- [EXERCISE GOAL]: Leave the pictures out and transcribe every record exactly.

-------

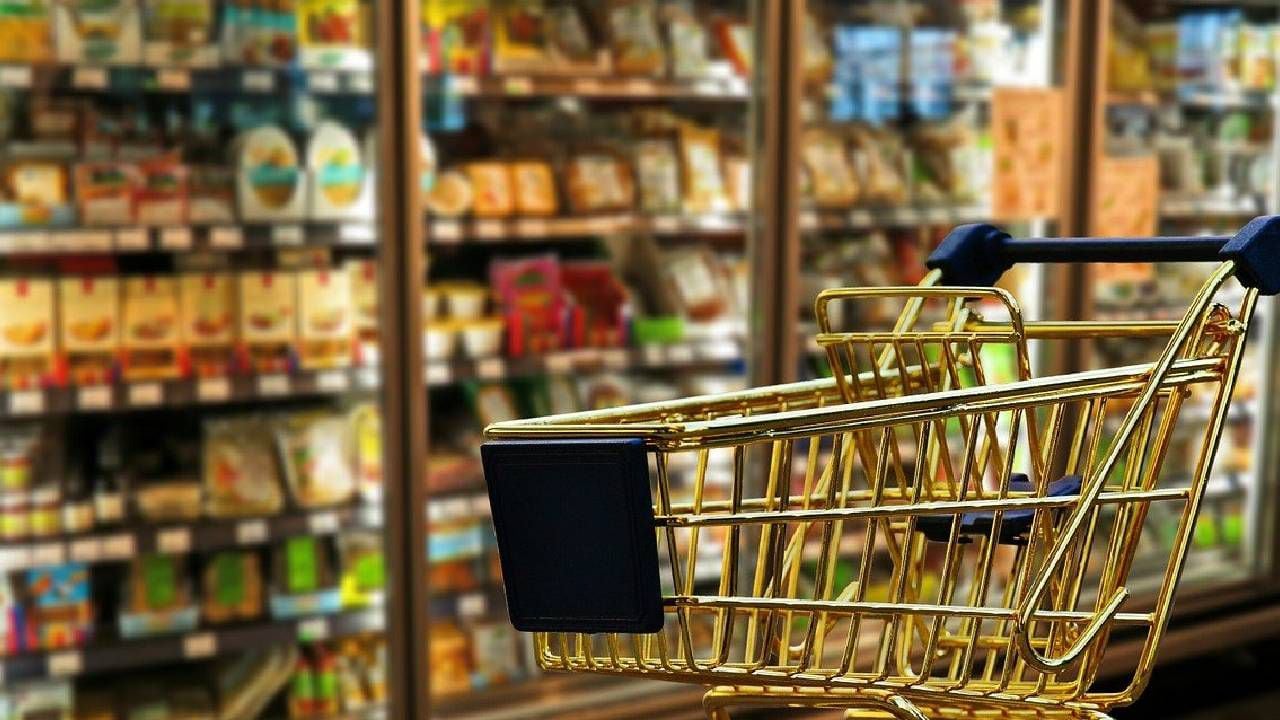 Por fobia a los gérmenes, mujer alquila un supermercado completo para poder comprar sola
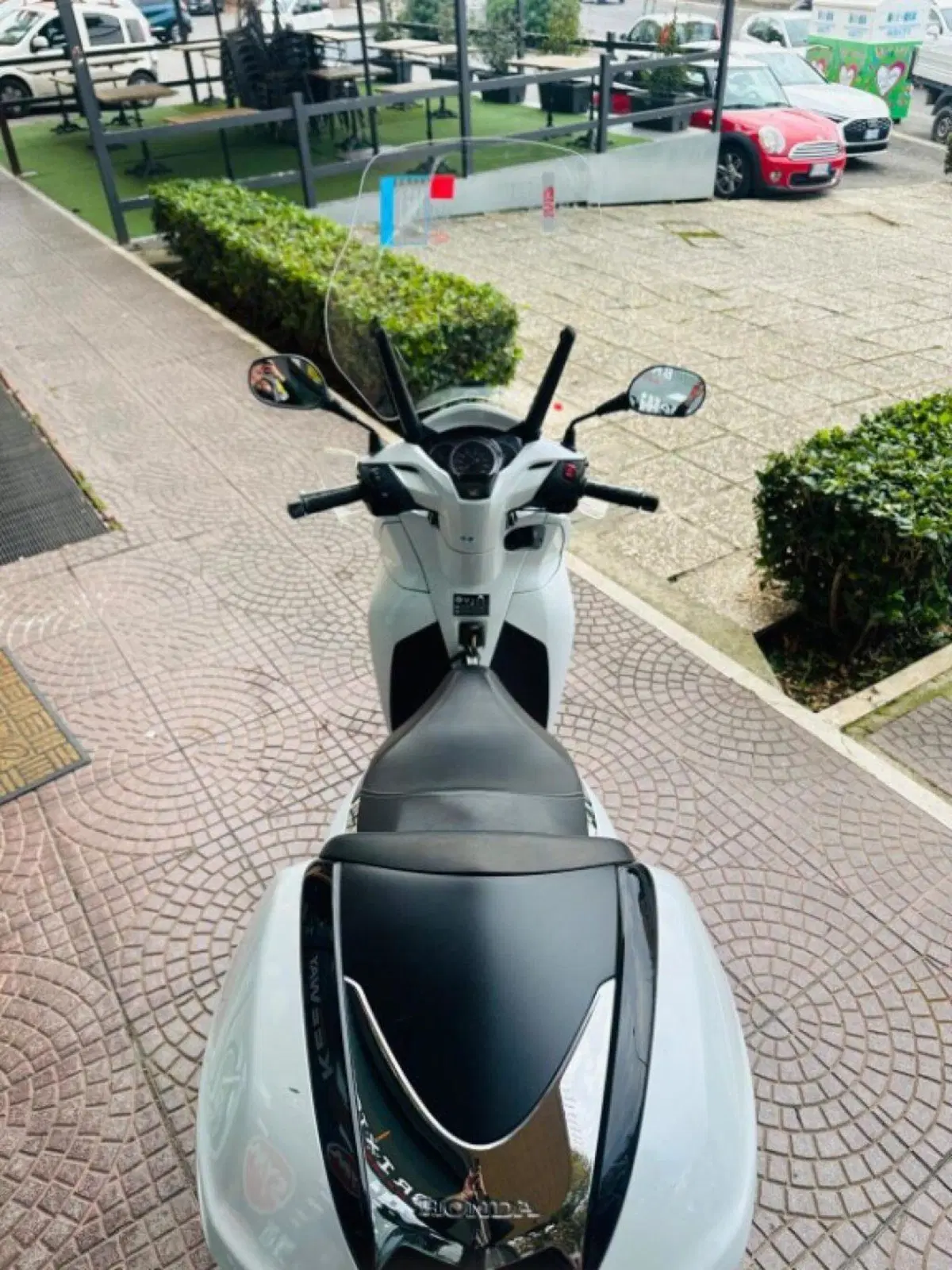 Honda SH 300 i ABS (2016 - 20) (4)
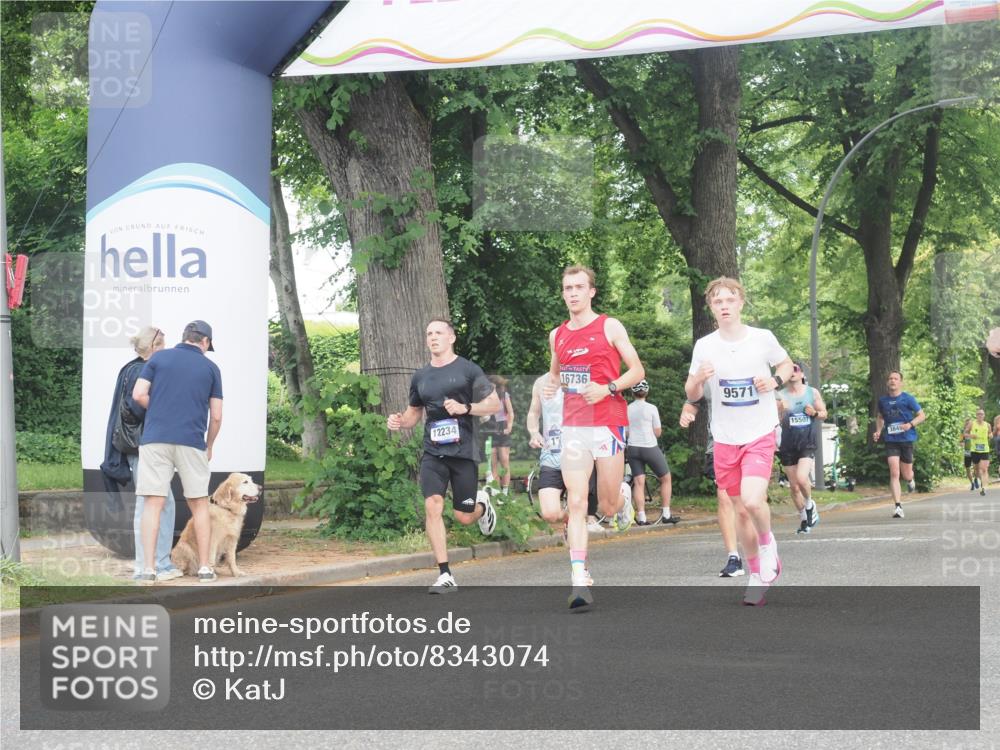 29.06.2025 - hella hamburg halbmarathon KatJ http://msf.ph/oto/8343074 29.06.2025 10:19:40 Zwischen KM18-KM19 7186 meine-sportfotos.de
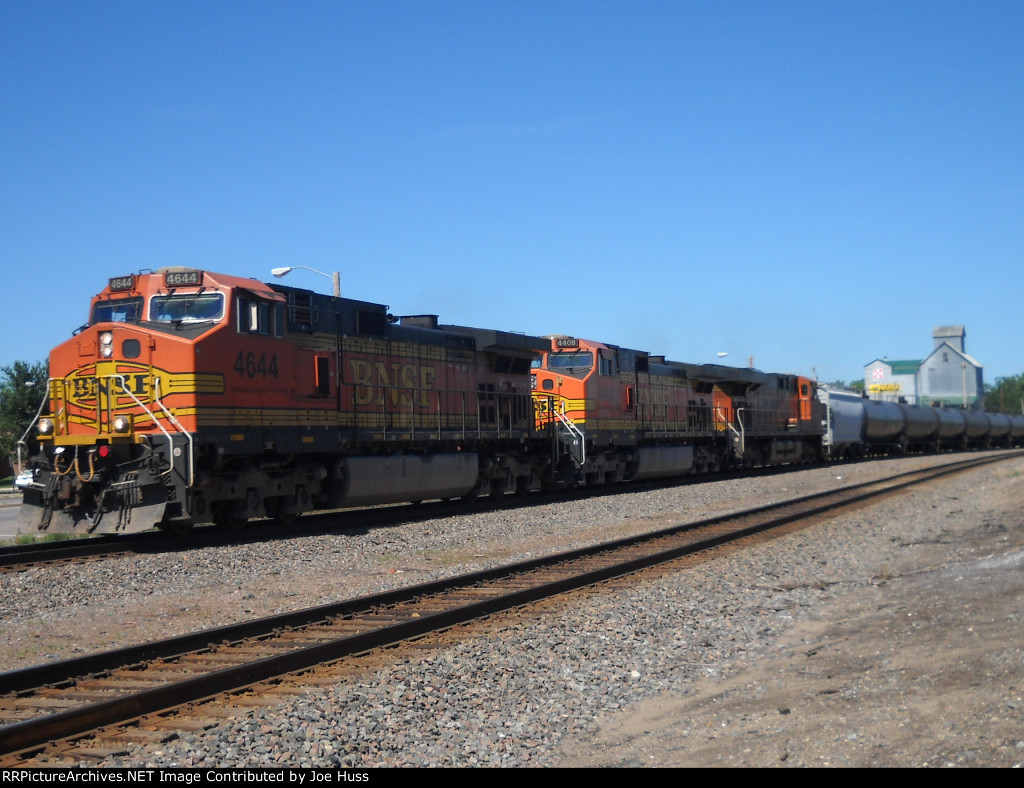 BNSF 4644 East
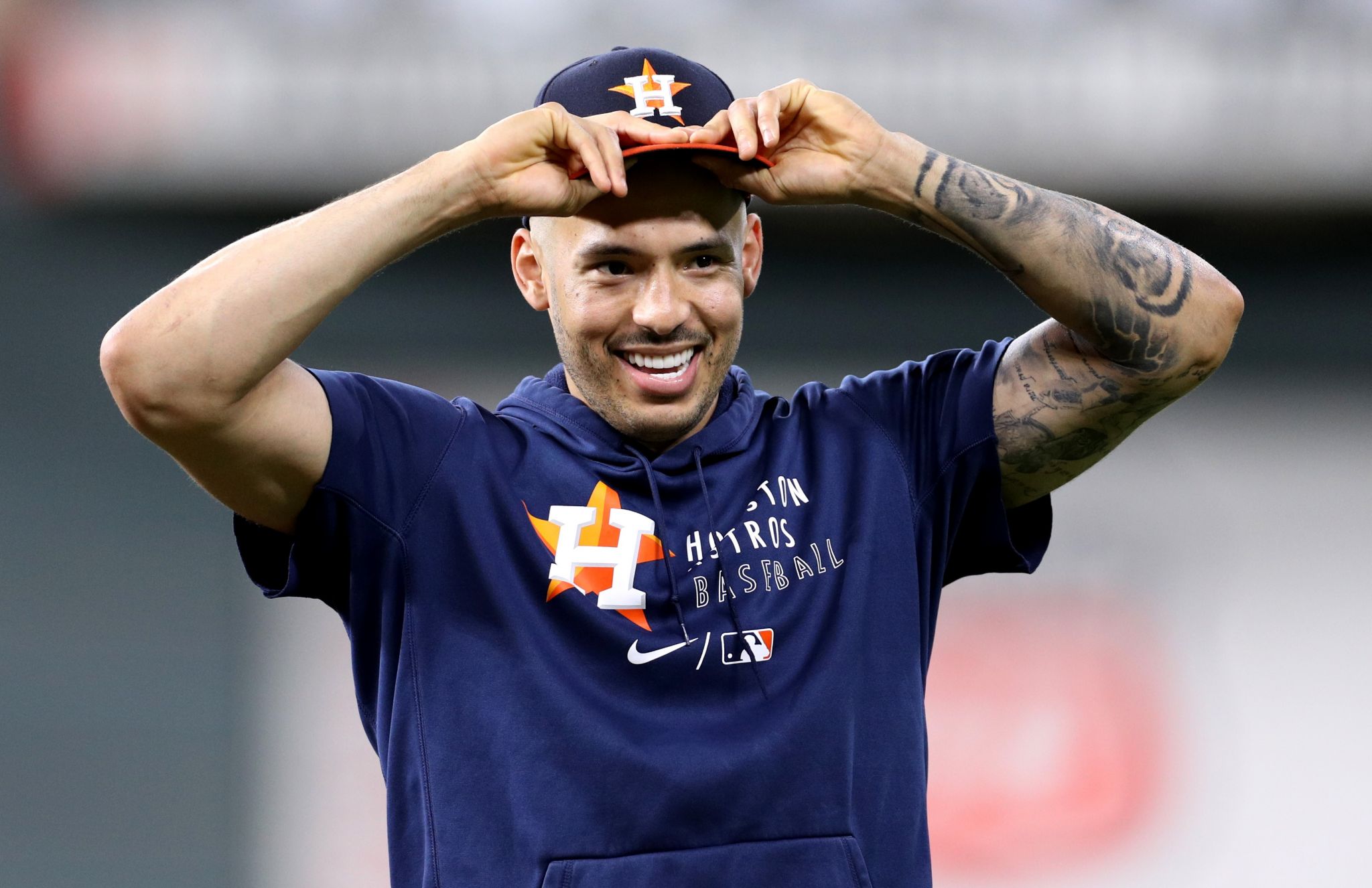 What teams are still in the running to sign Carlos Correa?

-------

- [TASK OUTPUT]:
 Por fobia a los gérmenes, mujer alquila un supermercado completo para poder comprar sola
 Honda SH 300 i ABS (2016 - 20) (4)
 29.06.2025 - hella hamburg halbmarathon KatJ http://msf.ph/oto/8343074 29.06.2025 10:19:40 Zwischen KM18-KM19 7186 meine-sportfotos.de
 BNSF 4644 East
 What teams are still in the running to sign Carlos Correa?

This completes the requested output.